I’m talking about how Beauty and the Beast condones domestic violence, and how The Little Mermaid is about changing yourself to be more attractive (and also stalking), and how Sleeping Beauty and Snow White both glorify date rape, and Pocohontas is blearily racist, and so is Peter Pan, and so on and so on and so on.

Really, when you come down to it, there aren’t very many kids’ movies that don’t have a disastrous moral lesson attached.

Except for this one. Which is pretty funny. The movie, which was originally conceived as a more standard Disney flick based around Hans Christian Anderson’s story “The Emperor’s New Clothes”, eventually ended up as both a surrealist exploration of South America, and as one of the few childrens’ movies with a decent ending.

Like I said above, the movie is about Kuzco, an Incan emperor, who rules absolutely and loves every single second of it. Having been considered a divine leader since his birth, Kuzco has a sense of entitlement big enough to choke a man. He has no sense of proportion or humility. His people adore him because they have to, and Kuzco sees nothing wrong with that. So when he wants to build a new summer palace, the emperor sees nothing wrong with picking a spot already occupied: a sweet little mountaintop village, inhabited by the gentle farmer Pacha (John Goodman) and his family.

Unfortunately for Kuzco, his chief advisor, Yzma (Eartha Kitt), kind of sort of hates his guts with the fire of a thousand suns, and is plotting to kill him. But she can’t just kill him kill him, mostly because that isn’t diabolical enough for her. She’s not the most complex of villains.

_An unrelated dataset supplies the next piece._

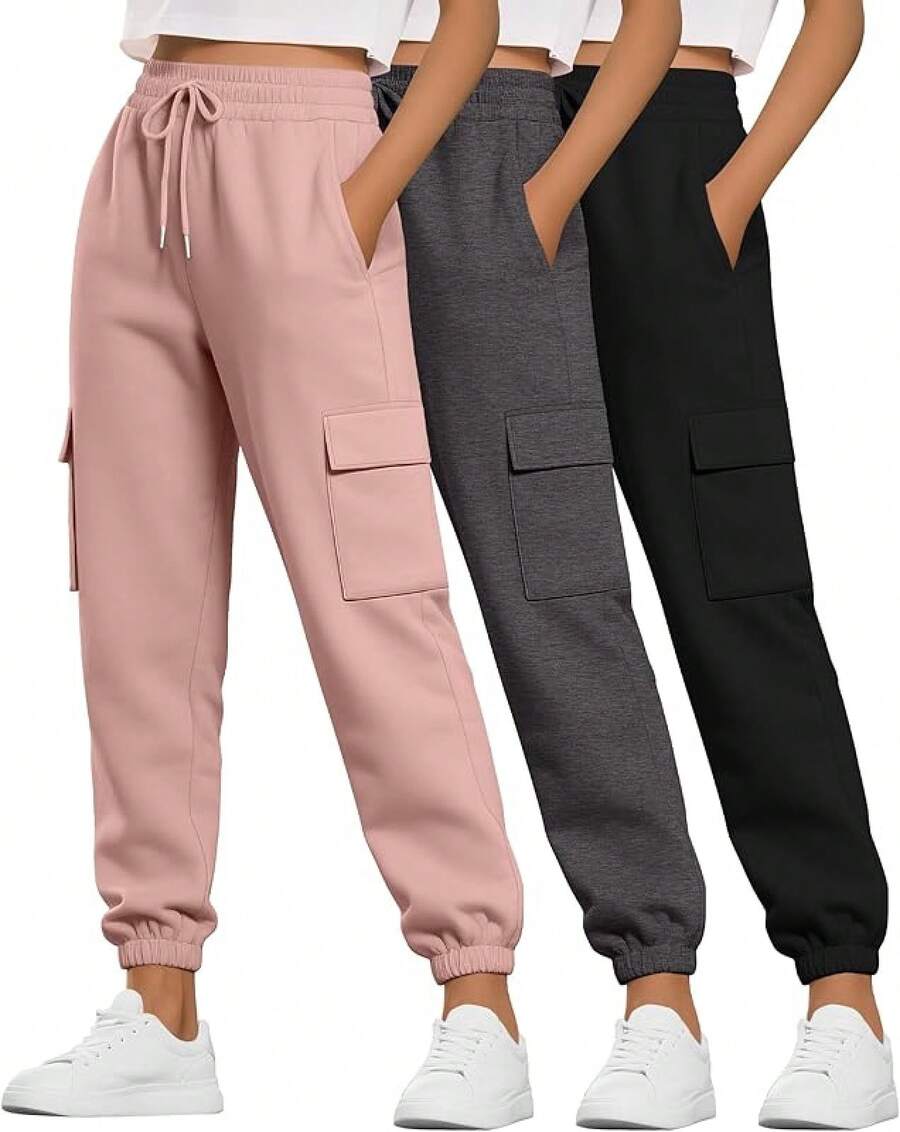 3 Pack Women's Cargo Sweatpants Joggers Pants Causal Gym Athletic Workout High Waist Bottom Y2k Fall Outfits With Pocket - 黑色,深灰色,粉紅色 - 查看 1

Eventually, Yzma decides to just poison Kuzco. That way he’ll die and she can rule the empire. But since her assistant, Kronk (Patrick Warburton), was chosen for his studly good looks rather than his mental capacities, it all goes wrong and instead of ending up dead, Kuzco ends up a llama. And then instead of ending up drowned, Kuzco winds up in a sack on the back of Pacha’s cart, headed out of the city.

Hijinks ensue.

Or rather, Yzma decides that if Kuzco isn’t really dead then they have to go after him and finish the job. But Kuzco, who wakes up a llama and is very displeased, has made a deal with Pacha to help him get back to the palace. If Pacha gets him there in one piece, then he’ll agree to build his summer palace somewhere else. Yay!

What commences is a race to the finish line, full of weird adventures, emotional growth, and lots of jokes that only adults will get. Kuzco tries to go back on his word about every five minutes, while Pacha deeply questions his life choices and why he is so honorable as to save the life of a man (llama) who is perfectly happy ruining his. Yzma and Kronk are hilarious and diabolical – well, Yzma is diabolical while Kronk is mostly good-natured and lovable – and the whole story flows with a sort of zingy, madcap feel.

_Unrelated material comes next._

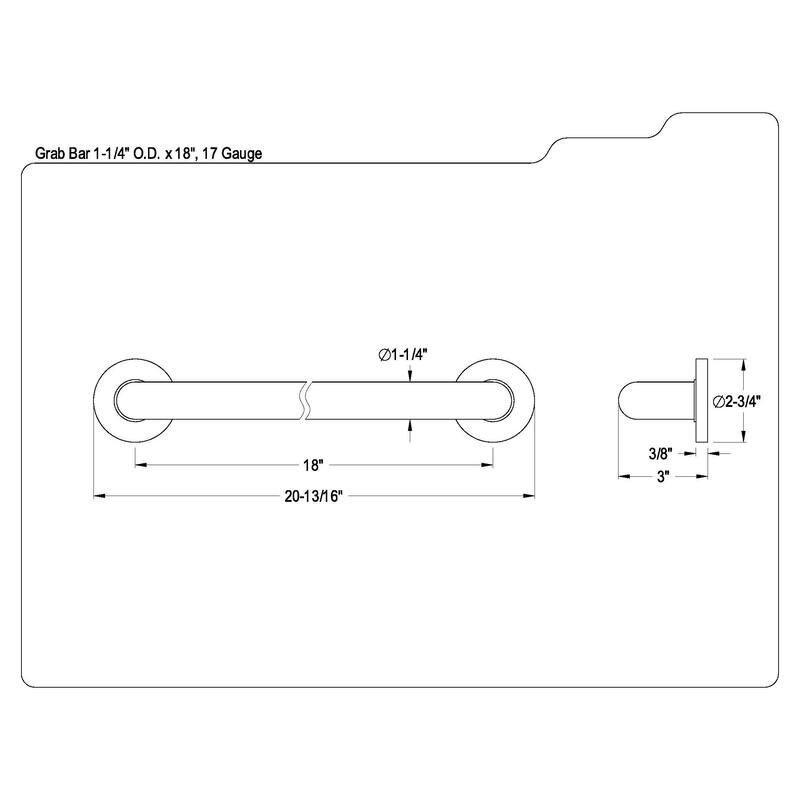 Kingston Brass Modern 18-inch Grab Bar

Which is to say that it’s very good and I like it. But the ending is what I like best.

By the end of the film, our heroes have finally made their way back to the palace, only to find Kronk and Yzma waiting for them with the proper potion to turn Kuzco human again. There’s a scuffle, some attempts at magic, and finally a decision. Pacha hangs from the edge of a ledge, dangling and about to fall to his death. The vial that contains the all important potion hangs off of another ledge. Kuzco can’t reach both. What does he do?

Well, this is a Disney movie, so he saves Pacha, and then together they get the other potion. All good and standard, right? Kuzco learns his lesson and builds his summer palace somewhere else, Yzma gets turned into a cat, and Kronk gets to go off and live a life of peace and quiet and teaching small children how to talk to squirrels.

Have I mentioned that Kronk is my favorite character? Because Kronk is my favorite character. In pretty much everything. We’ll get to that more in a bit.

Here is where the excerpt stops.